Case discussion: How would you treat this patient? [9 May]

A 60 year old woman presents for routine skin exam.

Question:

Do you see any suspicious lesions on this woman’s back?

UPDATE

Suspicious lesion

Specific mid back lesion imaged 2

Question:

This lesion was considered suspicious and here is the dermoscopic image. How would you evaluate this, and what action would you take?

UPDATE

2 years later 3

4

Question:

No action was taken at this time, and here is the clinical image and dermoscopic image taken 2 years later (she missed her 12 months skin check).
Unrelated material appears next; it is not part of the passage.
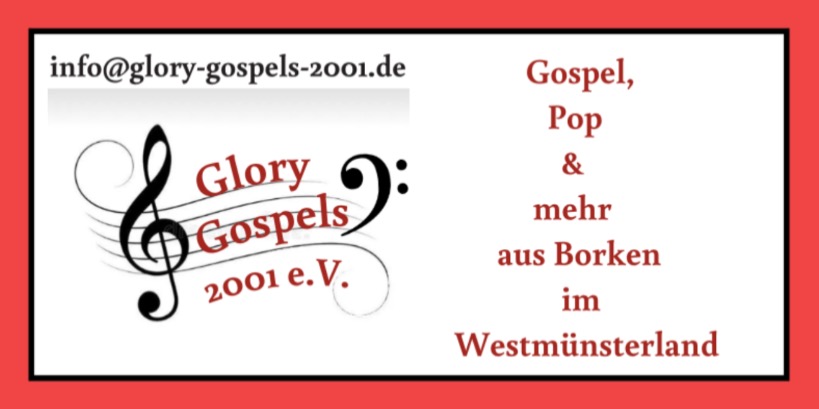 Glory Gospels 2001 e.V.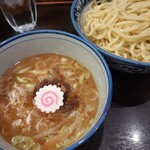 中華そば わた井 - つけそば（中盛り）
How do you evaluate the situation now?

Question:

How would you biopsy this lesion?

UPDATE

Here is the pathology result:

Excision. Upper back 12x10mm pink structureless macule with eccentric brown with lines reticular. Changed on digital review. ?Melanoma.

MICROSCOPIC EXAMINATION.

Sections show skin to subcutis. There is a nested, lentiginous and focally confluent proliferation of variably atypical melanocytes at the dermoepidermal junction. There is focal extension of atypical melanocytes along follicular structures and upward scatter of atypical melanocytes into the upper layers of the epidermis is seen focally. The superficial dermis shows  a mild to moderate chronic inflammatory cell infiltrate with melanin pigment incontinence and concentric eosinophilic fibroplasia. There is no evidence of invasive malignancy. Atypical melanocytes come to 2.1mm from the closest transverse margin. The lesion is well clear of deep margin. It is excised in the planes of sectioning.

CONCLUSION.

UPPER BACK – MELANOMA IN SITU, SUPERFICIAL SPREADING TYPE (CLARK LEVEL 1) WITH FEATURES OF REGRESSION, 2.1mm FROM THE CLOSEST TRANSVERSE MARGIN.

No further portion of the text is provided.